To be perfectly honest, it doesn’t sit well with me either. I believe people, services, goods even music should be chosen or promoted on the basis of merit, not on the basis of disadvantage.

Before everyone involved with SAMQC send me death threats and start poking hatpins into wax dolls made in my likeness, let me say that I do also believe that the imported drivel we are forced to listen to on our Radio playlists are by and large no better than their South African counterparts. Furthermore, I think we are suffering the legacy of bad habit, the unfortunate by-product of democracy and the typical side-effects of Pop-Culture, which is that the Pete Watermans and the Sony™ Musics of this world actually dictate to the ready and willing masses what is “in”, what is “happening” and what is “mainstream”.

The Legacy of Bad Habit

Alex Jay should have retired a long time ago and because someone is hiring him, leads me to believe that they are out of touch with their own listening audience. The people who control the Radio Stations and Media Houses are not adventurous or progressive enough when it comes to sourcing good music. Granted, you cannot please everyone, but that is why there are CD Shops selling Kenny G and Shakira. They follow trends and someone else’s crap decisions on the other side of the world are just propagated here and we are forced to listen to it, while our SA talent suffers the consequences and have to gig for peanuts while we pay International Bands fortunes to stumble around pissed on stage.

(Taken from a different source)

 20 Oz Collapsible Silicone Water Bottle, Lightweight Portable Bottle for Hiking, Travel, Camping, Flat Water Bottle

The Un-Fortunate By-Product of Democracy
I would much rather be a wise cynic than an oblivious optimist. No disaster in the history of the world has ever been averted by sheer optimism. Cynics always see it coming first. Democracy is an terrible example of misplaced trust. Just listen to the High 5 at 5 on 5FM and then come and argue the point. People vote for that song. I remember when I was in Matric and there was a Public Referendum that year and I recall that only those kids who had turned 18 that year, in other words those who had failed a previous year, were allowed to cast their ballot. The irony escaped everyone else. Democracy was the same super vehicle of human rights that put GW Bush in power for two consecutive terms.

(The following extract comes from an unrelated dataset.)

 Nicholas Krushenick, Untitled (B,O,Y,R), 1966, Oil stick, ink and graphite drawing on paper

The Typical Side-Effects of Pop-Culture
I have two words for you: Pop Idol. How we dress, what we listen to, how we wear our hair, we decide almost none of that. It all cascades down, via the medium of Pop-Culture from The United Kingdom and America. We were not put on this earth to walk in the shadows of others, and sometimes when I consider the means required to liberate us of the shackles that bind, and the unchallenged diet of Pop-Culture then I think I would rather risk the inequity of Quotas than watch South African bands and artists lick the boot heels of Corporate Radio and Music South Africa.